Intricate. Detailed. Ornate. Time. Energy. Creativity. The high painted ceiling seemed so close you could almost touch it. One could only revel in its beauty. Words could not do it justice. But why spend so much time on mere ascetics?

 

The Catholic cathedrals themselves have something to tell us, although it does not require words. The soul yearns to express itself in creativity. Creativity is how it all began. It is a benevolent gift from God. It might be the only way to communicate the deep silence of truth in life. Of course, creativity was Adam’s original job description, naming everything God had made. Creativity is what we are made for.

 

Marcus Aurelius says, “Dig within. Within is the wellspring of good; and it is always ready to bubble up, if you just dig.” John Steinbeck, a central author of American literature says, “And this I believe: that the free, exploring mind of the individual human is the most valuable thing in the world. And this I would fight for…”

 

Imagination. Everyone has one. You don’t have to be asleep to dream.
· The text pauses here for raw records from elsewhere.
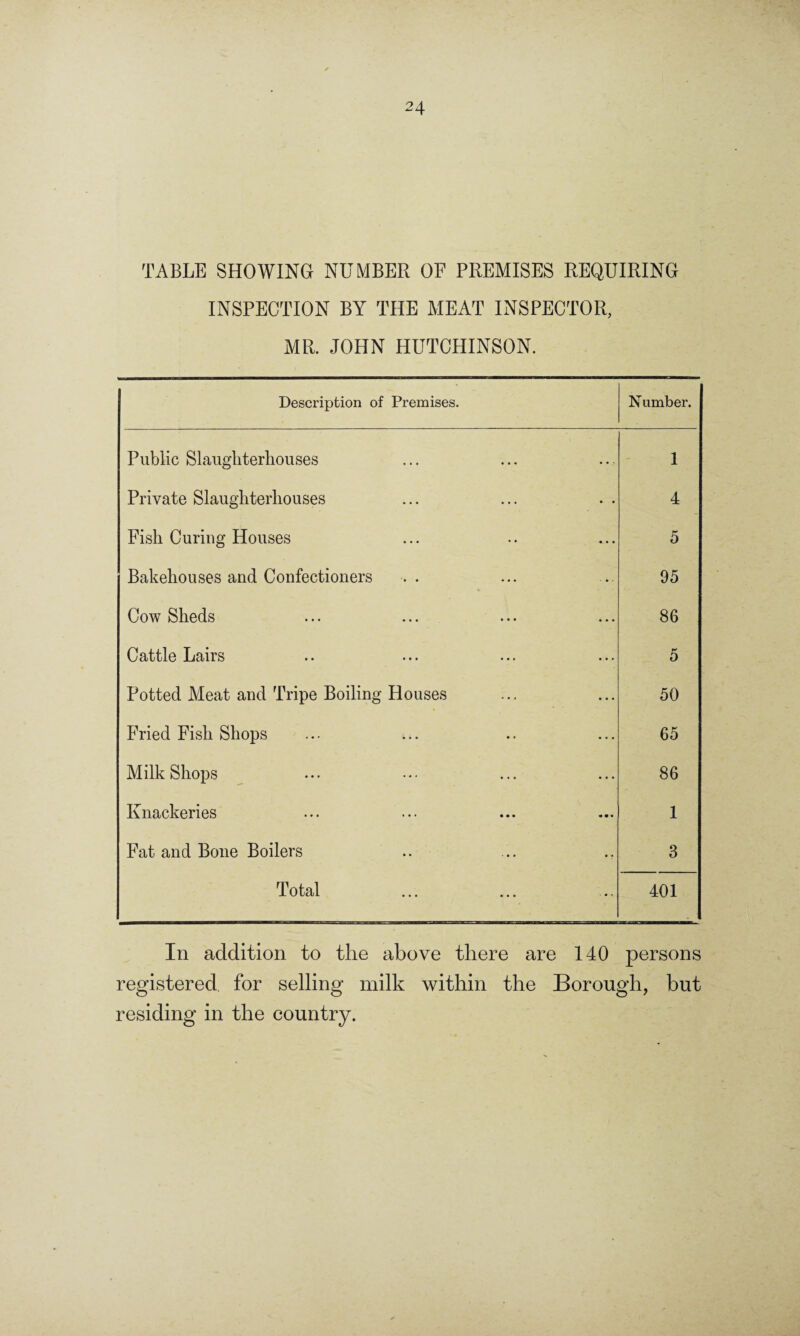 TABLE SHOWING NUMBER OF PREMISES REQUIRING INSPECTION BY THE MEAT INSPECTOR, MR. JOHN HUTCHINSON. Description of Premises. Number. Public Slaughterhouses 1 Private Slaughterhouses 4 Fish Curing Houses 5 Bakehouses and Confectioners 95 Cow Sheds 86 Cattle Lairs 5 Potted Meat and Tripe Boiling Houses 50 Fried Fish Shops 65 Milk Shops 86 Knackeries 1 Fat and Bone Boilers 3 Total 401 In addition to the above there are 140 persons registered for selling milk within the Borough, but residing in the country.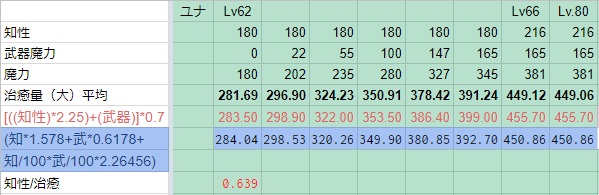 f:id:vova:20180210163647j:plain f:id:vova:20180210163647j:plain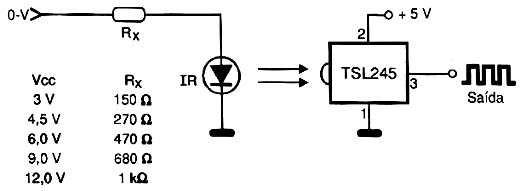 VCO com TSL245
VCO com TSL245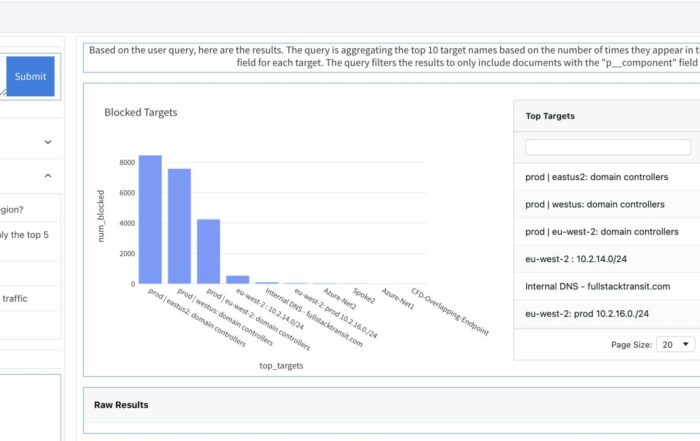Image of Prosimo Nebula Dashboard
Buechner says, “Imagination is perhaps as close as humans get to creating something out of nothing the way God is said to.”[1] Imagination is a power with great potential. It is like whistling or building muscles. Like anything else worth doing, it requires from us some hard work. But even a little taste, even a little broken whistle, is enough to keep us going.

 

Great imaginers wrote the Bible, and great imaginers it takes to appreciate it. To read the Bible with imaginative eyes means more than just reading it, seeing it, or hearing it. It demands we use our imagination if we are to get it at all. Buechner says, “Be the man who trips over a suitcase of hundred dollar bills buried in the field he’s blowing if you want to know what the Kingdom of Heaven is all about.” Wear the shoes of both the good and the bad, because we are all both good and bad. “Try to know them for who they are inside their skins. Hear not just the words they speak but the words they do not speak.” [2] Jesus had eyes to see rich and poor, lucky and unlucky, religious and not, strong and the weak, both pious and profane. Jesus saw all of us. “The highest work of imagination is to have eyes like that.”[3]

 

Look around sometime. Notice a dynamic creation. Work on your imagination. Creativity is a gift from God. It is worth fighting for. It is worth our time. This is what the Catholic Church knows, whether it knows it or not.


[1] Frederick Buechner, Whistling in the Dark: An ABC Theologized, (1988), 64.

[2] Frederick Buechner, Whistling in the Dark: An ABC Theologized, (1988), 64.